● Task to complete
The line that contains "湘教版七年级下册数学 第2章 阶段综合训练【范围：2.2】 习题课件07" marks the start. Please set it down, with every later line of the data, exactly and without pictures.

Data excerpts:
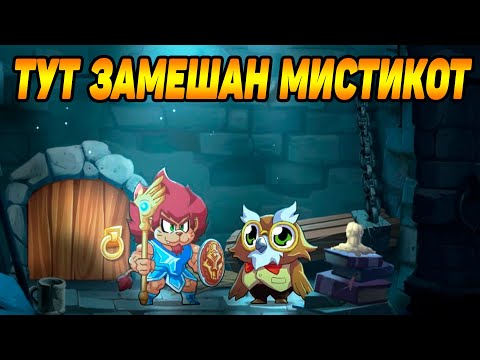 Video: Čudenje Nove Igre Monster Boy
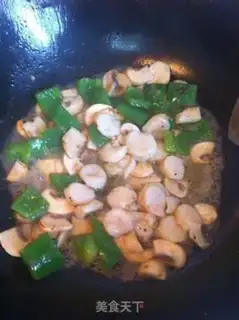 Make Cream mushrooms step 7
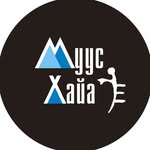 muus_khaya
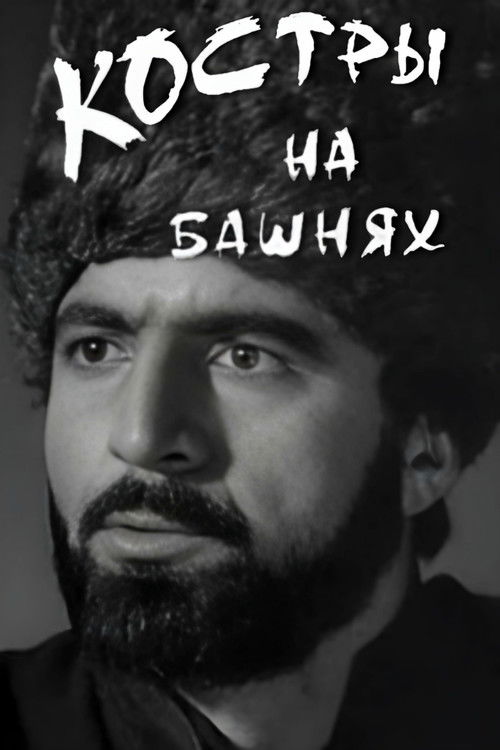 Костры на башнях (1968) poster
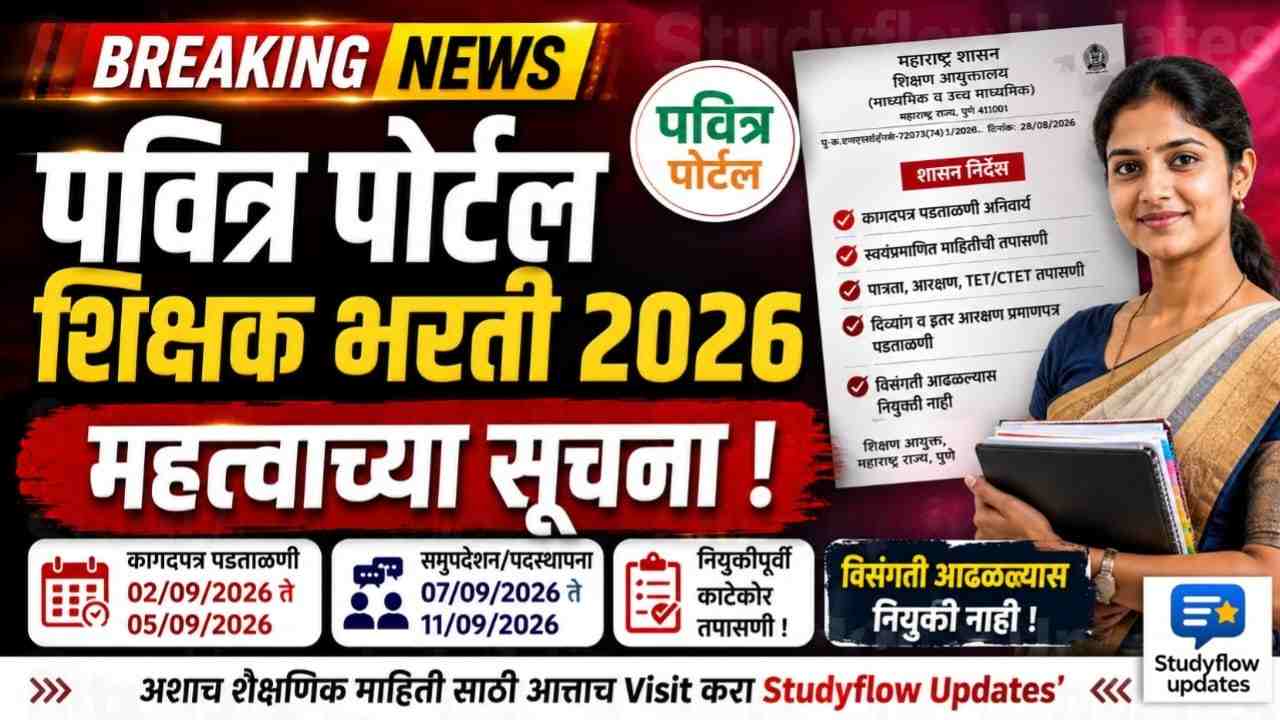 Pavitra Portal Document Verification 2026 : पवित्र पोर्टल शिक्षक भरती 2026 : उमेदवारांच्या कागदपत्र पडताळणीबाबत शिक्षण आयुक्तालयाच्या महत्त्वाच्या सूचना; नियुक्तीपूर्वी होणार काटेकोर तपासणी
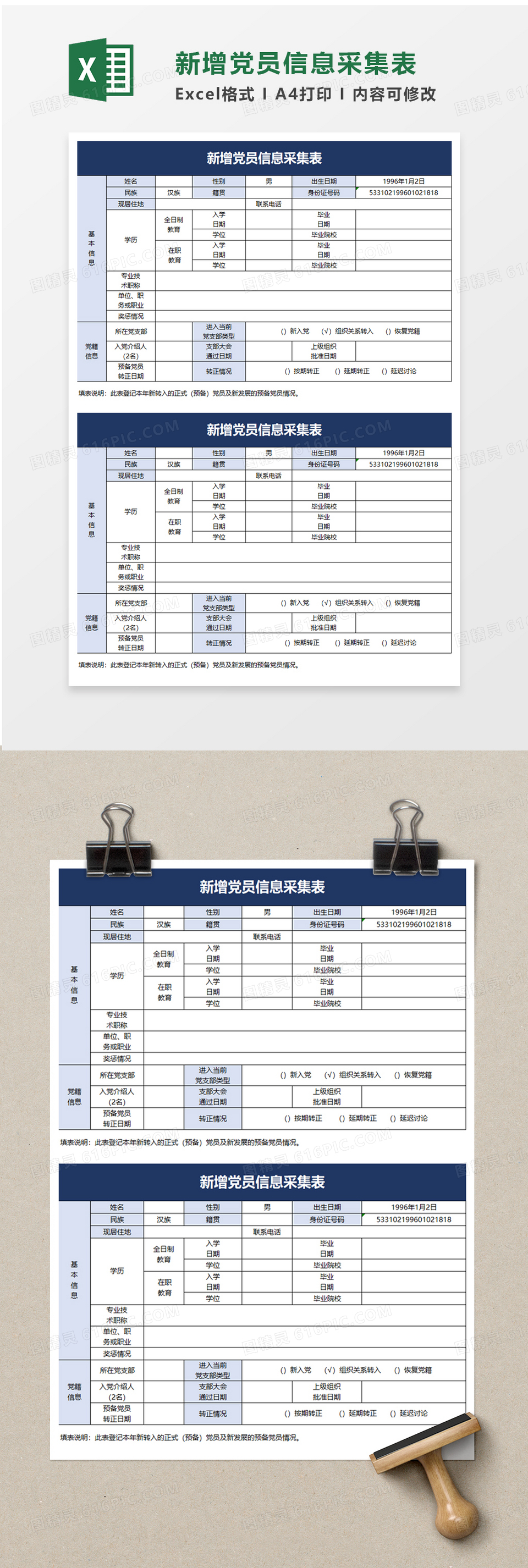 新增党员信息采集表excel模板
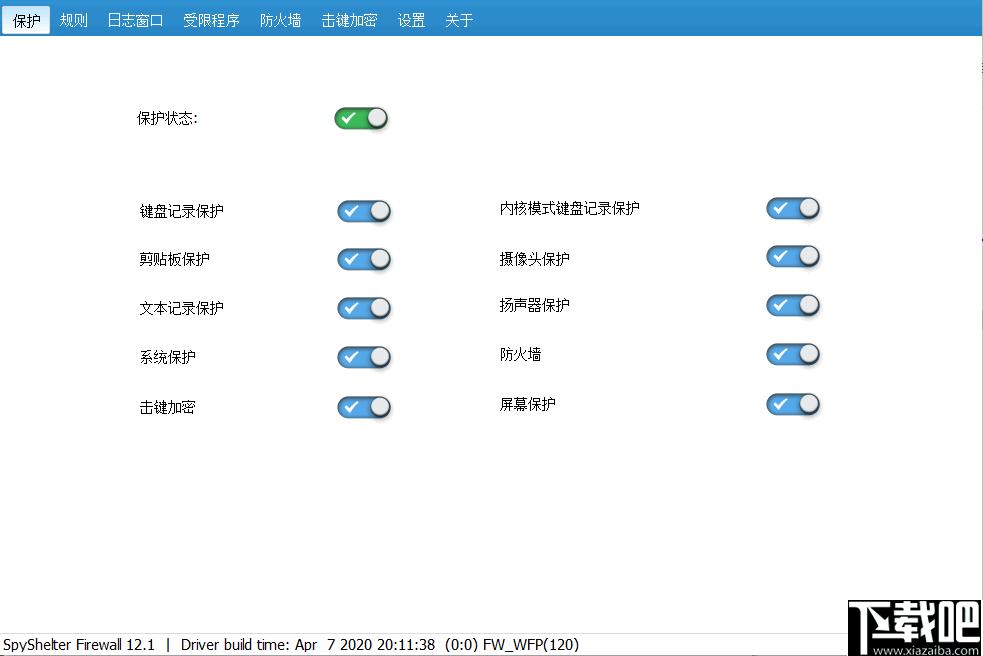 SpyShelter Firewall下载,网络防火墙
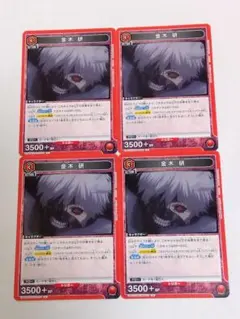 Item thumbnail for item f8750570-8703-4b06-a2b2-caa7908ed6b5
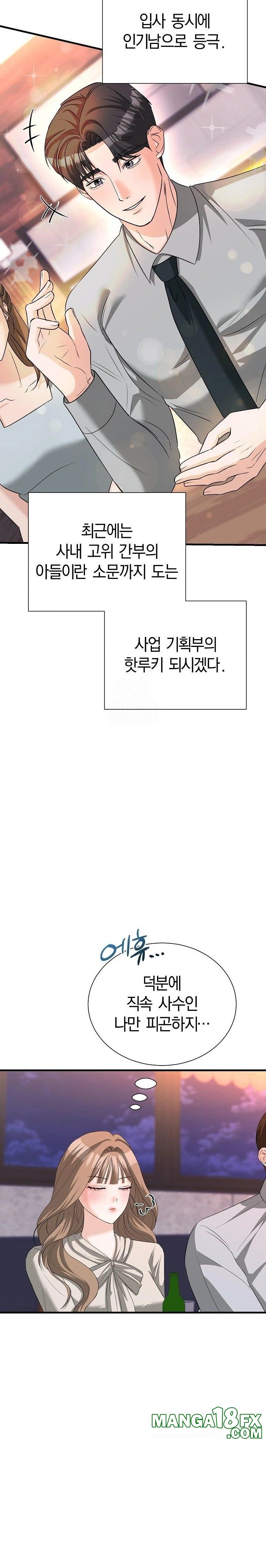 Office Trap Raw - Chapter 1 - photo - 18
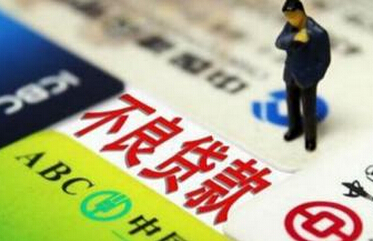 銀行“不良”新動向：呈上升趨勢 蔓延至中西部地區(qū)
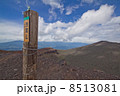 浅間山～山頂の景色 8513081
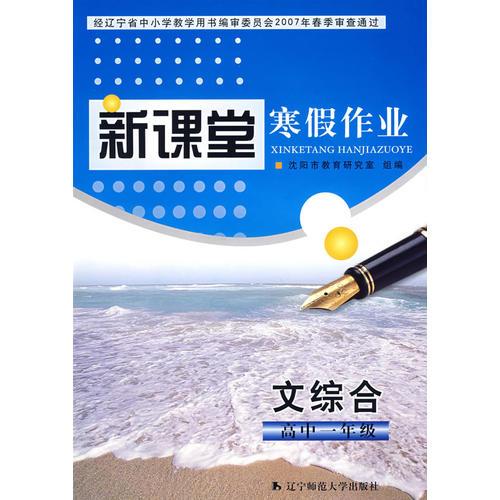 新課堂寒假作業(yè)：文綜合高中一年級(jí)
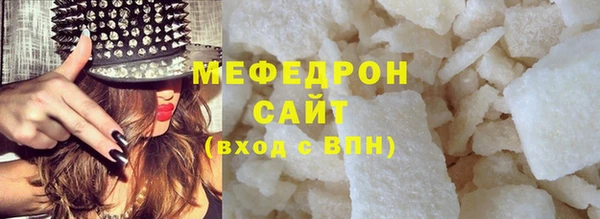 гидропоника Богданович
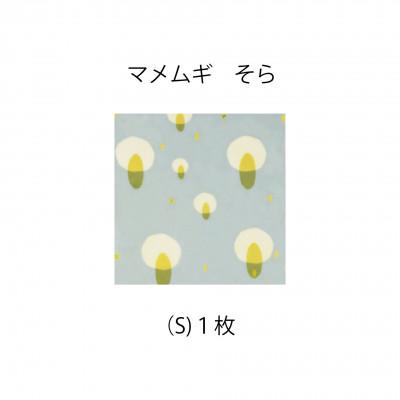 ふるさと納税 丸森町 宮城県丸森町産ミツロウラップ　Sサイズ1枚 |  | 03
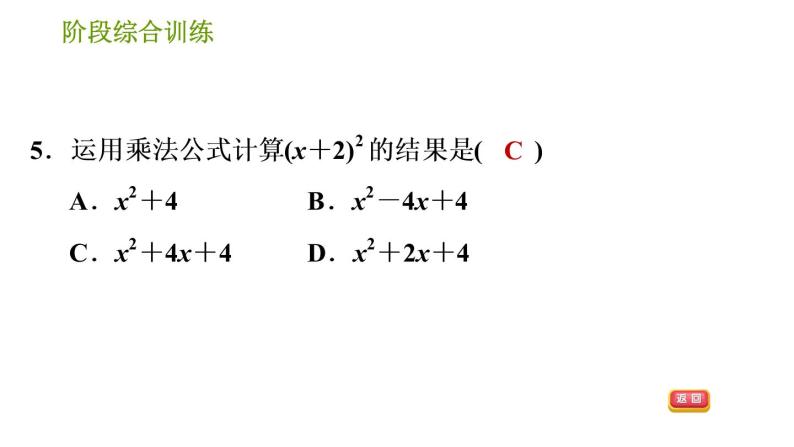 湘教版七年级下册数学 第2章 阶段综合训练【范围：2.2】 习题课件07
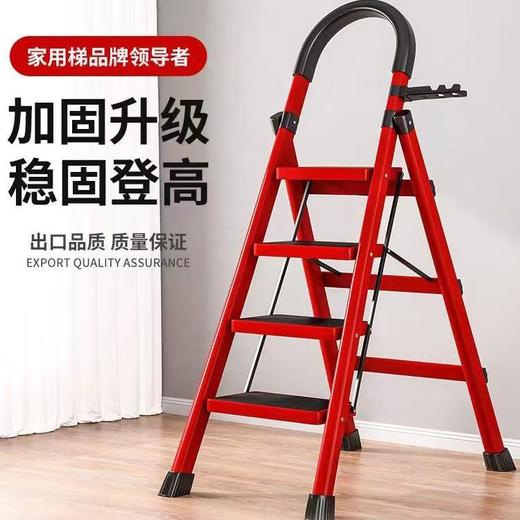 家用折叠短梯 商品图5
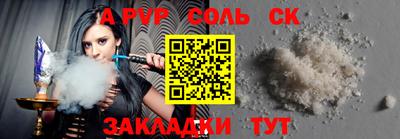 стаф Кулебаки
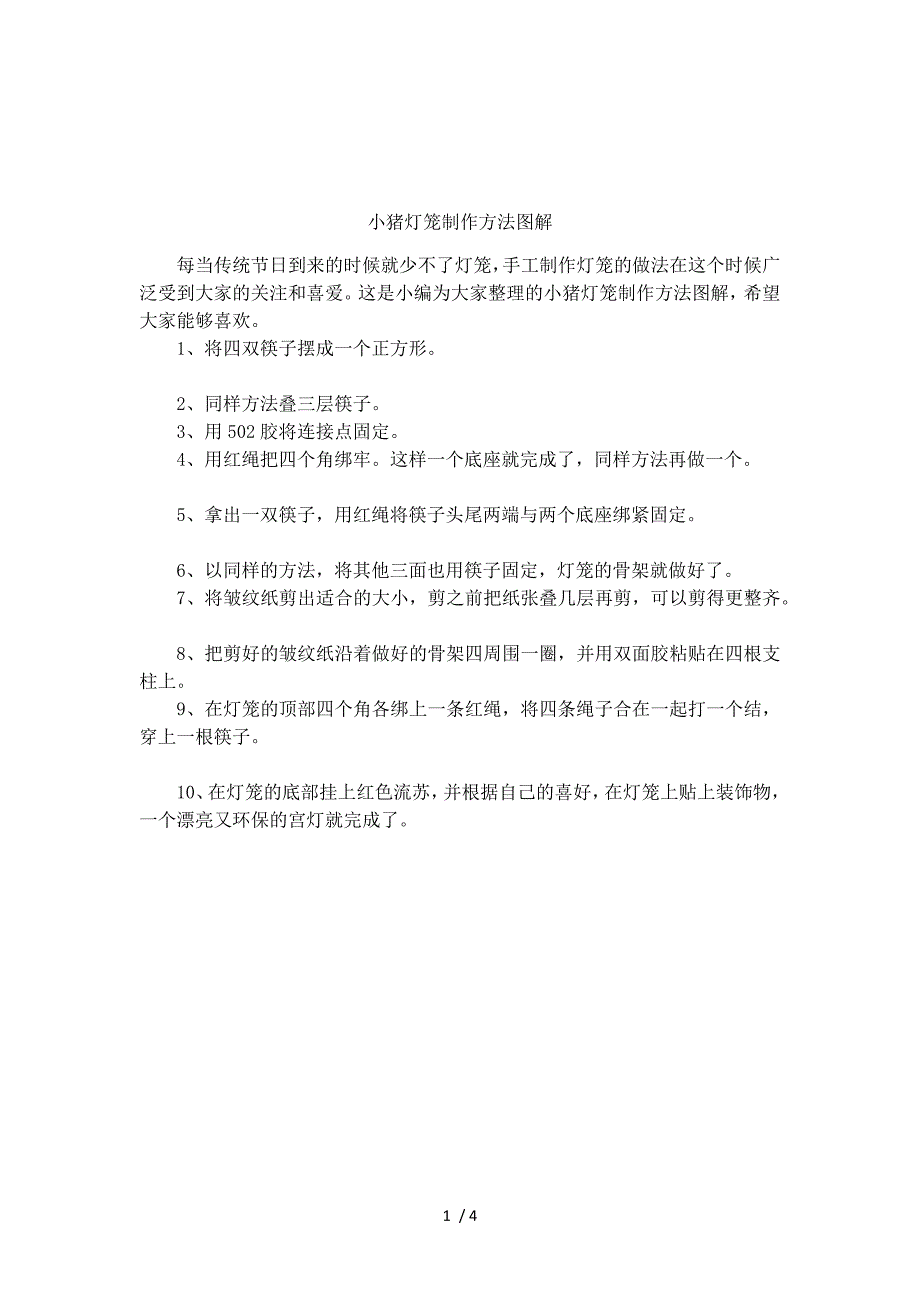 小猪灯笼制作方法图解_第1页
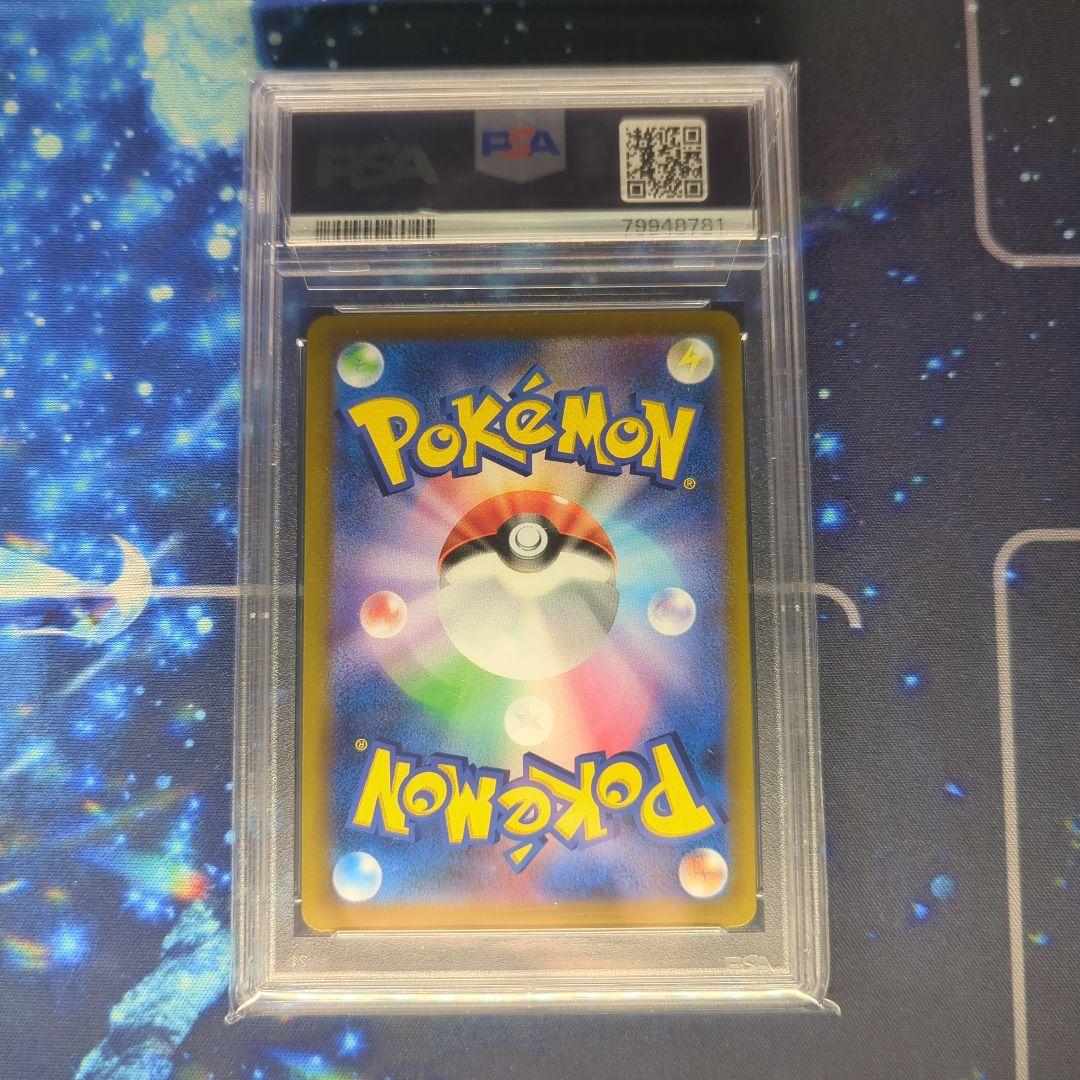 ピカチュウV CSR S8b VMAXクライマックス 222/184 PSA9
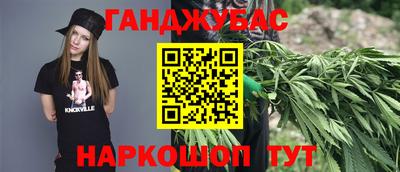наркотики Ливны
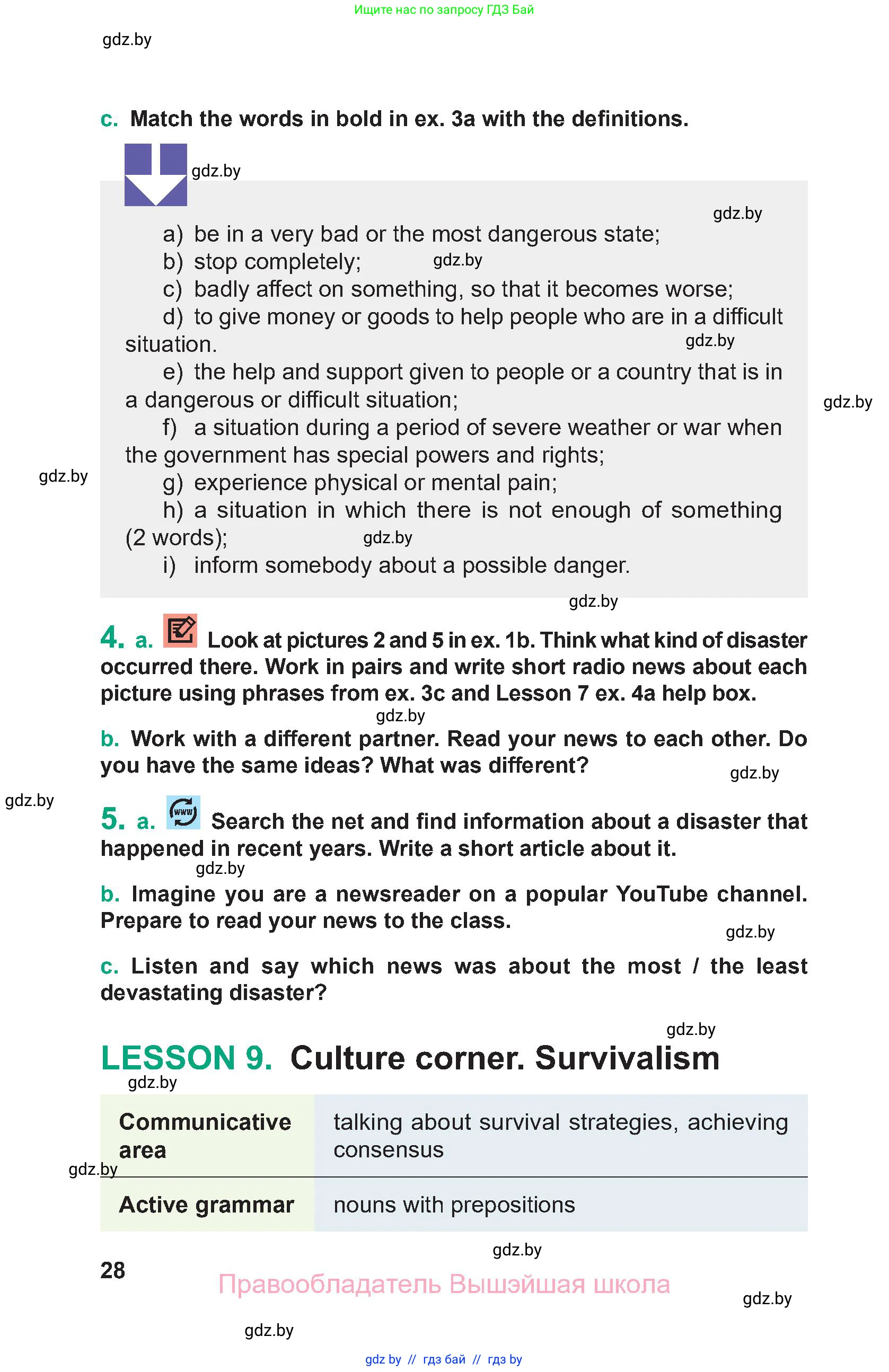 Английский язык (english), 9 класс Учебник (Student's book), авторы: Демченко Наталья Валентиновна, Юхнель Наталья Валентиновна, Романчук Вероника Романовна, Малиновская Елена Александровна, Севрюкова Татьяна Юрьевна, издательство Вышэйшая школа, Минск, 2022, белого цвета, Часть ( Part) 2, страница 28
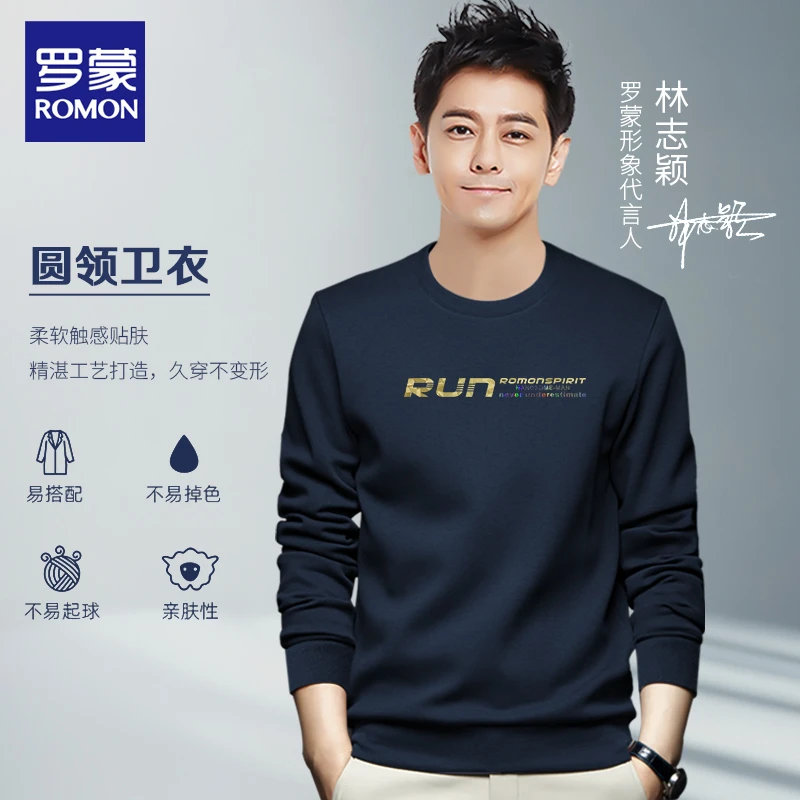 Romon/罗蒙RM6276秋季男士长袖宽松百搭商务休闲2025新款圆领卫衣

● Output for this task
 湘教版七年级下册数学 第2章 阶段综合训练【范围：2.2】 习题课件07
 家用折叠短梯 商品图5
 стаф Кулебаки
 小猪灯笼制作方法图解_第1页
 ピカチュウV CSR S8b VMAXクライマックス 222/184 PSA9
наркотики Ливны
 Английский язык (english), 9 класс Учебник (Student's book), авторы: Демченко Наталья Валентиновна, Юхнель Наталья Валентиновна, Романчук Вероника Романовна, Малиновская Елена Александровна, Севрюкова Татьяна Юрьевна, издательство Вышэйшая школа, Минск, 2022, белого цвета, Часть ( Part) 2, страница 28
 Romon/罗蒙RM6276秋季男士长袖宽松百搭商务休闲2025新款圆领卫衣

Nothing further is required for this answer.